These are chat archives for nextflow-io/nextflow

30th
Apr 2019
Rad Suchecki
@rsuchecki
Apr 30 02:20
Why not use python shebang & set executable bit & then simply use executable.py @tobsecret
longkaizheng
@longkaizheng
Apr 30 02:52
hello, all! I replaced 19.01.0.5050 with 19.04.0.5069, but the tasks delivered were qw continually(version 19.01.0.5050 would be running), my sge config is executor = 'sge'
queue = 'all_el6.q'
penv = 'make'
cpus = 10
memory = '30 GB'
errorStrategy = 'ignore'
Rafal Gumienny
@guma44
Apr 30 07:59

Hi,
I have a simple script:

#!/usr/bin/env nextflow

import groovy.json.JsonSlurper


methods = Channel.from(["method1", "method2"])

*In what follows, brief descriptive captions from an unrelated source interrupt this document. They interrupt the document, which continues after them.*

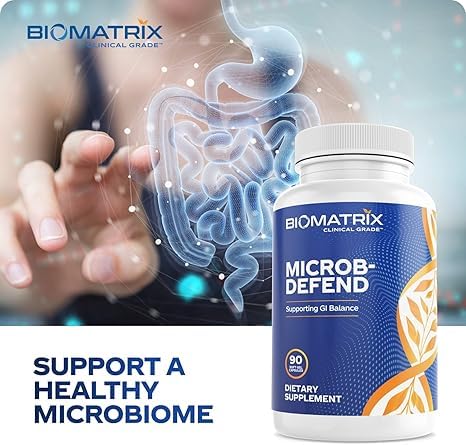 BioMatrix Biofilm Disruptor, GI Repair Digestive Supplement for Men and Women, Oil of Thyme, Oregano & Clove, Gut Microbiome & Intestinal Health Support | Microb-Defend (90 Softgels) BioMatrixAu supplements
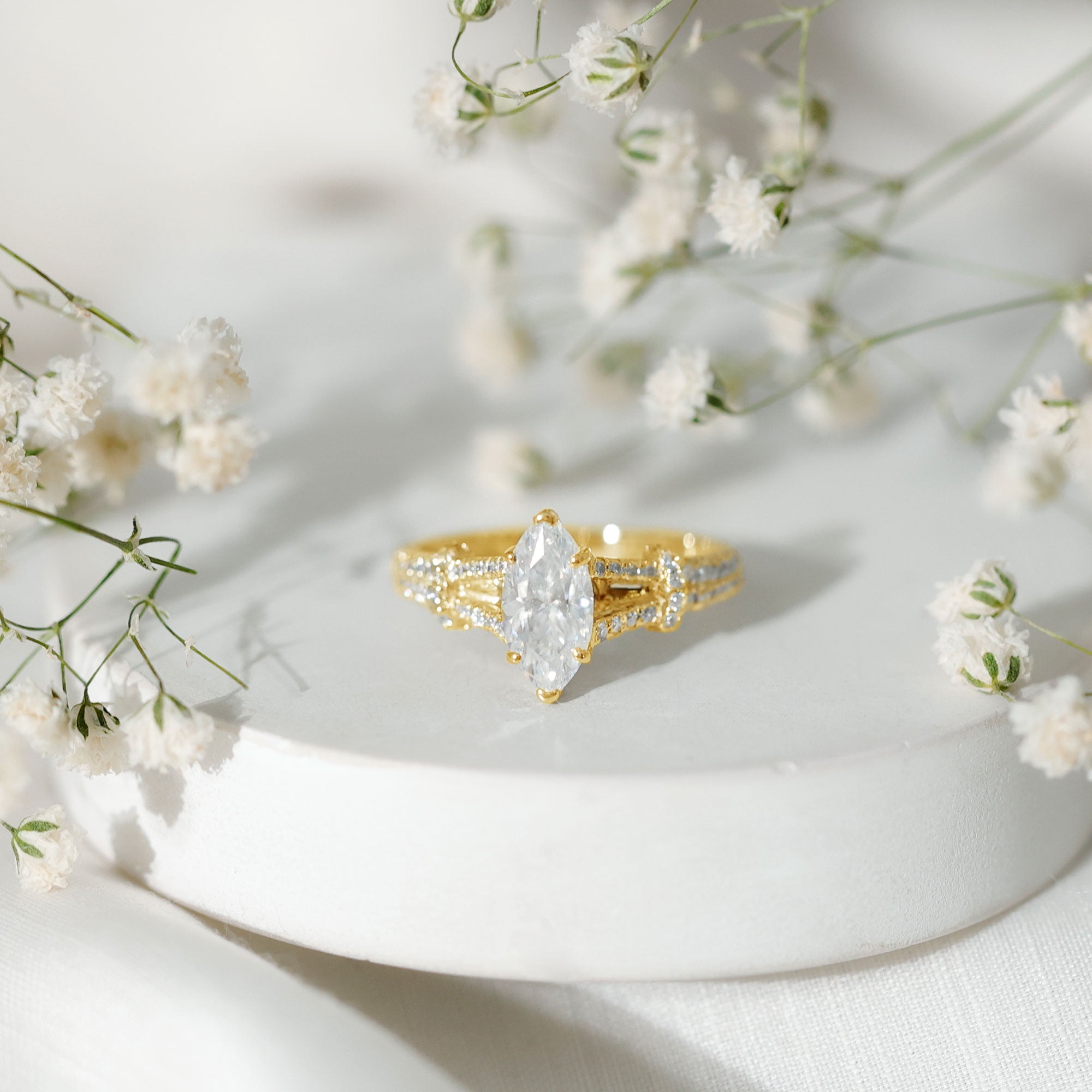 Rosec Jewels Silver Marquise Engagement Ring - 1 Ct Moissanite Ring - D-VS1 Quality Certified with 925 Sterling Hallmark, US 5.50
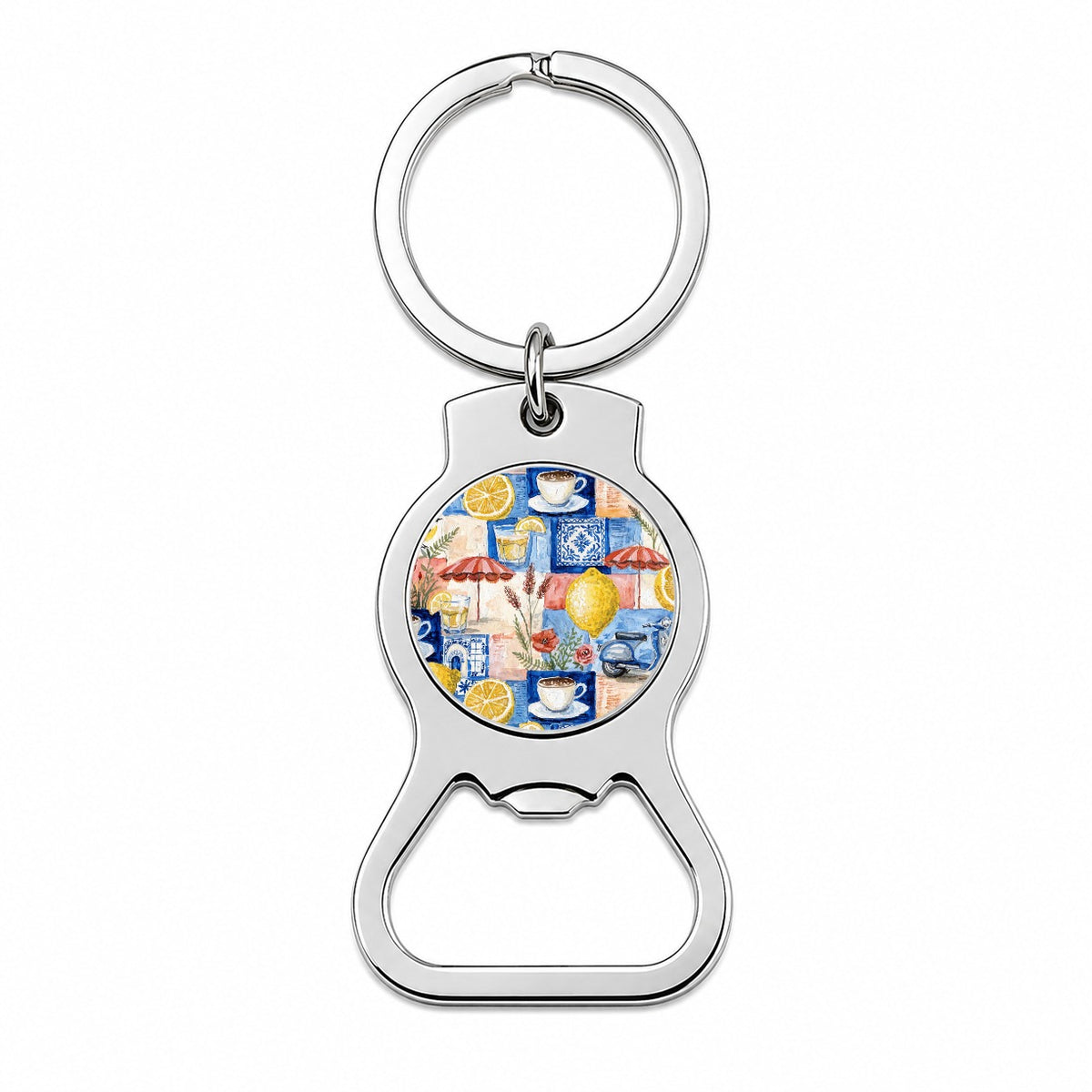 Italian Mediterranean Summer Lemons Bottle Opener Keychain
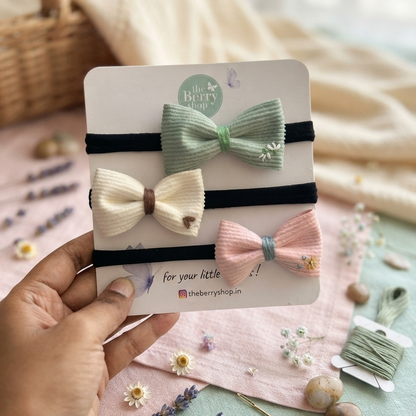 Daily Trio- suede bow combo (3 bows)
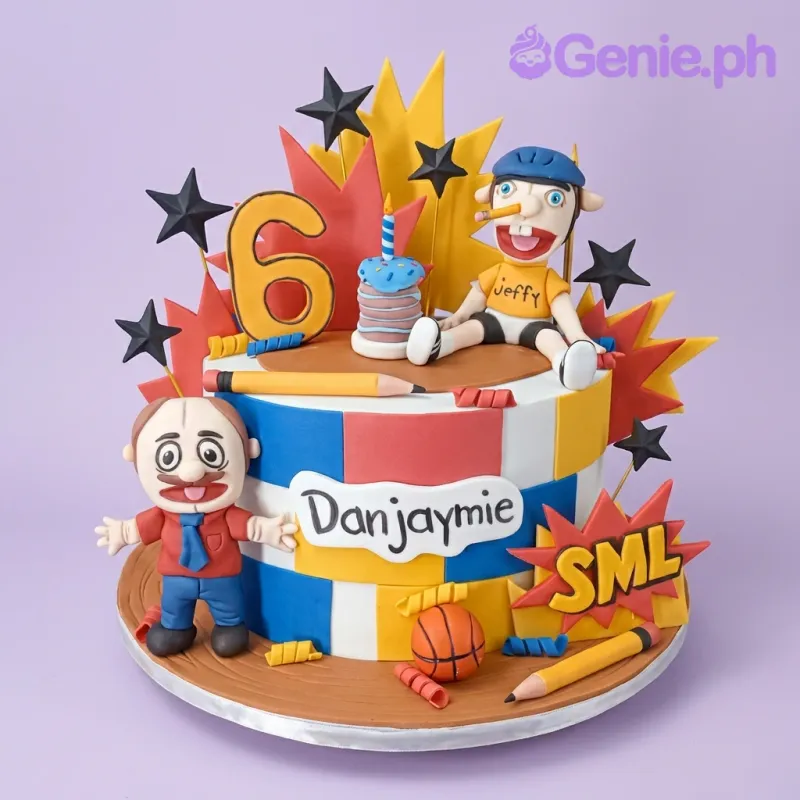 A colorful Jeffy SML Puppet 1-tier fondant cake featuring Jeffy and Goodman figures, number 6, basketball, and pencils. A colorful Jeffy SML Puppet 1-tier fondant cake featuring Jeffy and Goodman figures, number 6, basketball, and pencils.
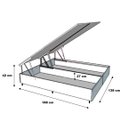 Ver imagem 4 de Cama Box Baú Casal Bipartido Linhão Marrom Com Pistão A Gás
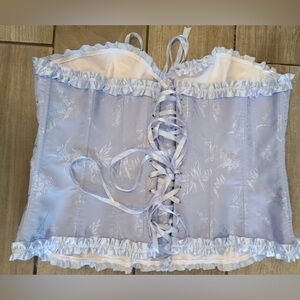 Lace-Up Floral Corset Top in Light Blue and White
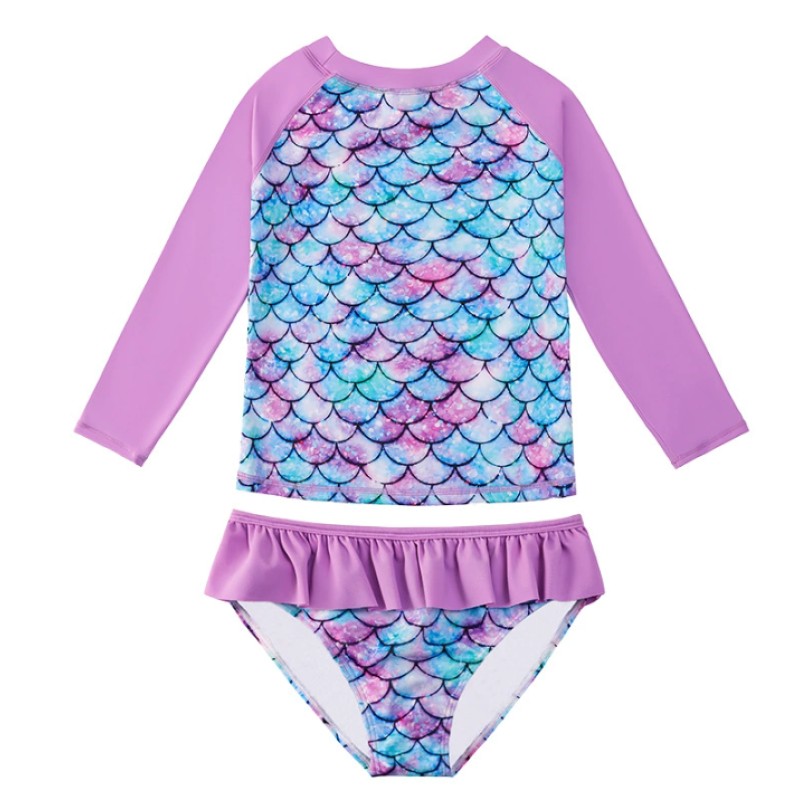 Little Girls Swimsuit Supplier - 2 Pcs Set Flower Print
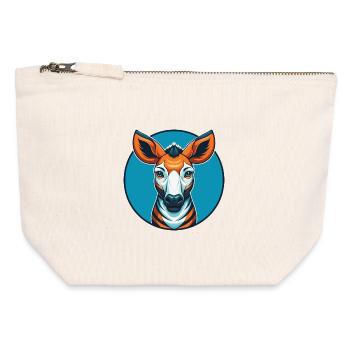 Okapi Cute Kawaii Cartoon Clipart Animal Pet Logo - Canvas Zip Pouch 12 x 13 cm - nature - Front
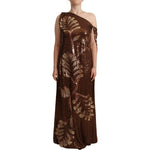 Dsquared² Brown Leaf Sequined Shift One Shoulder Long Dress DR28556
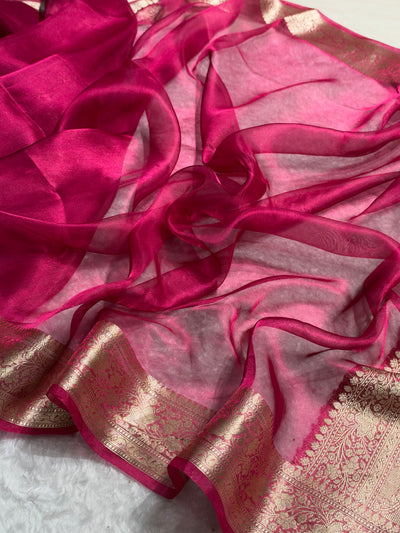 Banarasi Pink Shades Pure Tissue Silk Saree PT-61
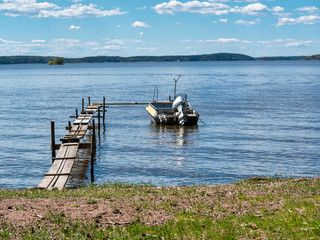 A small boat in the lake Mälaren win Sweden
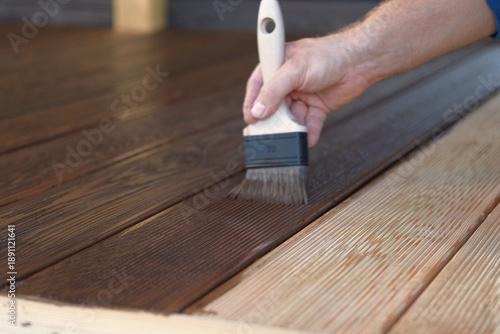 Bilde på lerret Brown oil for protection of wood by staining
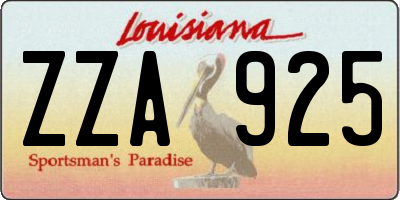 LA license plate ZZA925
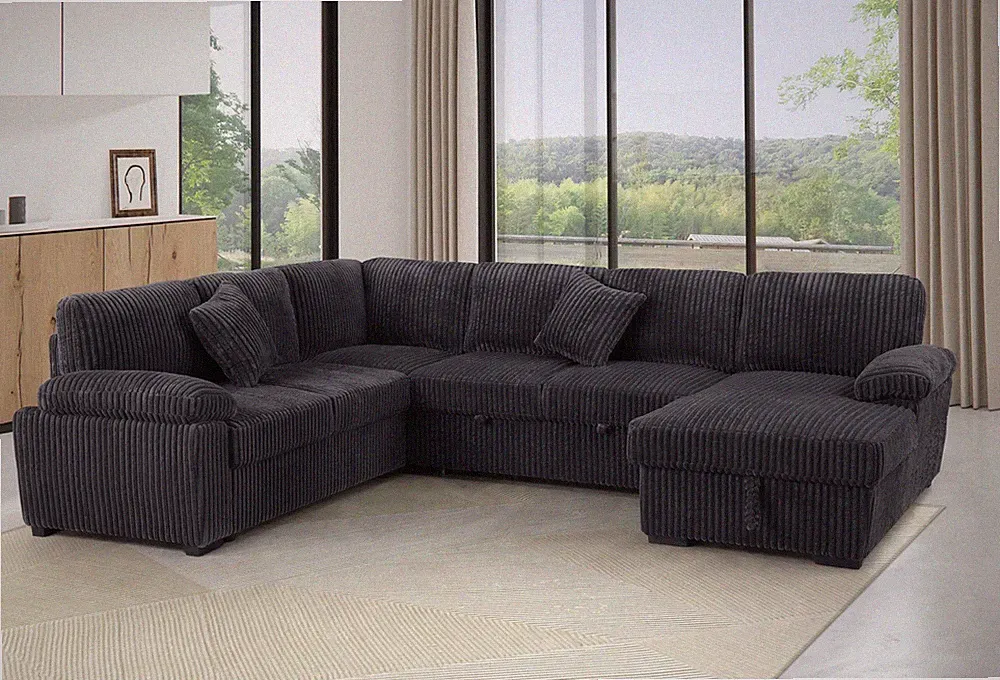 4 Piece Oversized Corduroy Sleeper Sectional Sofa With Storage Chaise
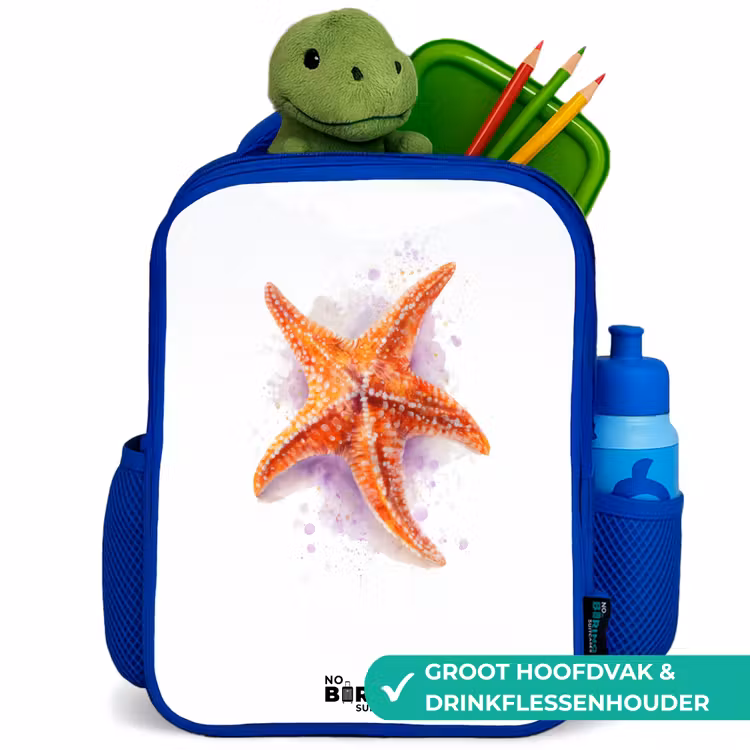 Kinderrugzak - Blauw - Oranje Zeester Illustratie — 6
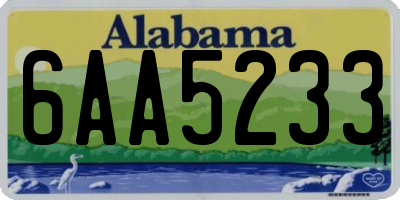 AL license plate 6AA5233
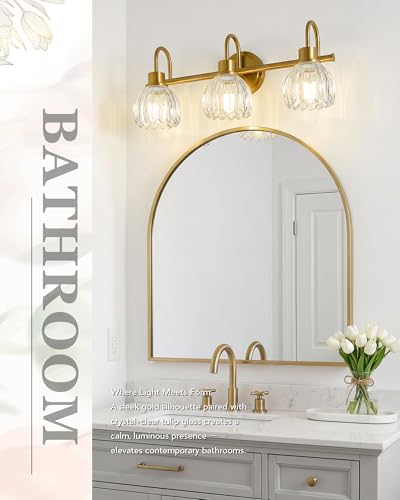 Image of 3-Light Gold Bathroom Vanity Light with Clear Tulip Glass Shade | 21 Inch Bathroom Lights Fixtures, Brass Vanity Lighting Fixtures Over Mirror, E26 Base, ETL Listed, AD-22282-3W-GD-C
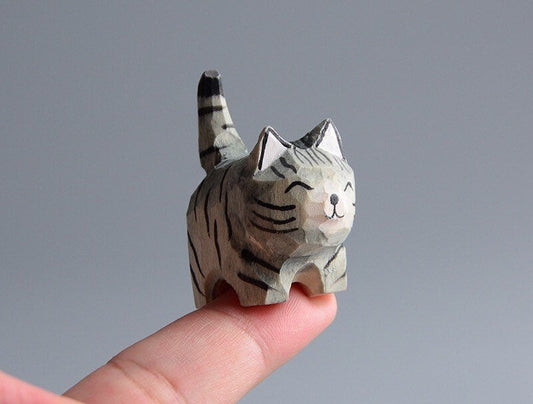 Hand crafted Wooden Cat, Grey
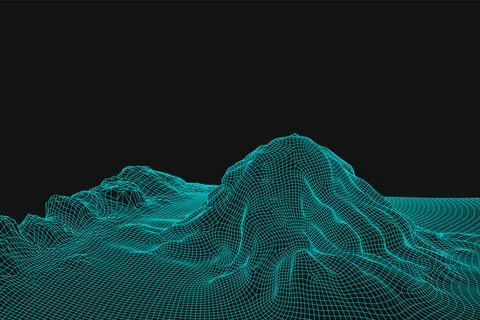 Blue abstract vector wireframe landscape background. 3D futuristic mesh Stock Illustration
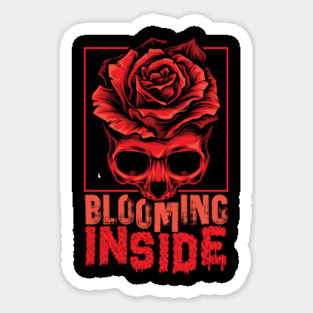 Blooming Inside Halloween Skull Sticker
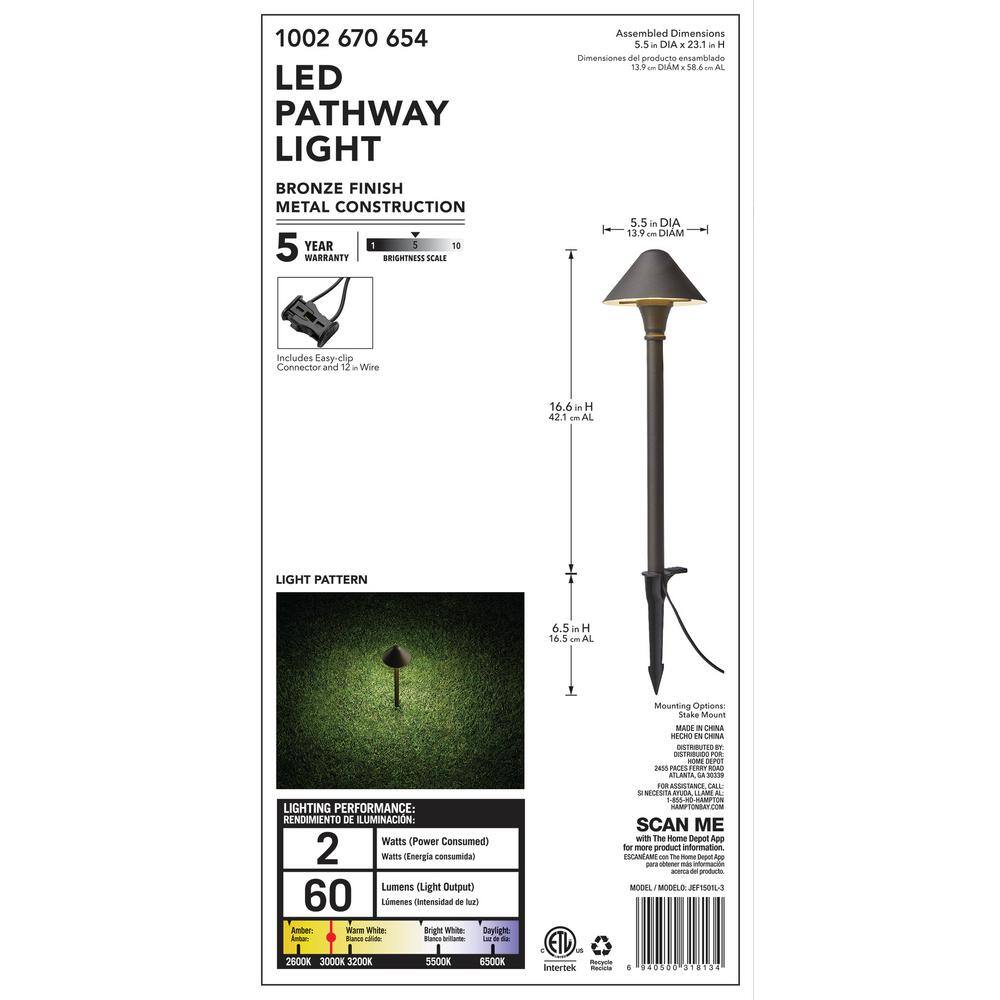 Hampton Bay Pelham 3-Watt Millennium Bronze Outdoor Integrated LED Landscape Path Light JEF1501L-3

process prepare_all_methods {
    output:
        stdout prepare_channel
    """
    sleep 1
    """
}


process get_params {
    tag "${method}"
    input:
        val prepare_channel
        val method from methods
    output:
        stdout get_params_channel
    """
    #! /bin/env python
    import json
    params = ["a", "b", "c", "d"]
    data = {"results": list()}
    for param in params:
        data["results"].append(("$method", param))
    print json.dumps(data)
    """
}

(params_for_step1) = get_params_channel.flatMap{ x -> (new JsonSlurper()).parseText(x).results }.into(1)

process step1 {
    tag "${method}: ${param}"
    input:
        set method, param from params_for_step1
    output:
        val method into method_channel_with_param
    """
    #! /bin/env python
    import random
    import time
    time.sleep(random.choice(range(1,10)))
    """
}

step1_method = method_channel_with_param.last()

process set_stage_step1 {
    executor 'local'
    tag "${ method }"

    input:
    val method from step1_method

    output:
    val method into staged1_channel

    """
    echo STAGE1
    """
}

When I fire it the output is as follows:

N E X T F L O W  ~  version 19.01.0
Launching `./test.nf` [spontaneous_watson] - revision: b2c8b3a491
WARN: There's no process matching config selector: blast
[warm up] executor > local
[f0/eee645] Submitted process > prepare
[13/1cfe30] Submitted process > get_params (method1)
[14/4169ac] Submitted process > get_params (method2)
[27/acfdaf] Submitted process > step1 (method1: b)
[78/7a91e8] Submitted process > step1 (method1: a)
[ea/79ba20] Submitted process > step1 (method1: c)
[b9/759501] Submitted process > step1 (method2: a)
[a3/c04c4d] Submitted process > step1 (method2: b)
[75/6216e4] Submitted process > step1 (method2: d)
[ce/49046f] Submitted process > step1 (method2: c)
[a5/e3a6a0] Submitted process > step1 (method1: d)
[68/3f332b] Submitted process > set_stage_step1 (method1)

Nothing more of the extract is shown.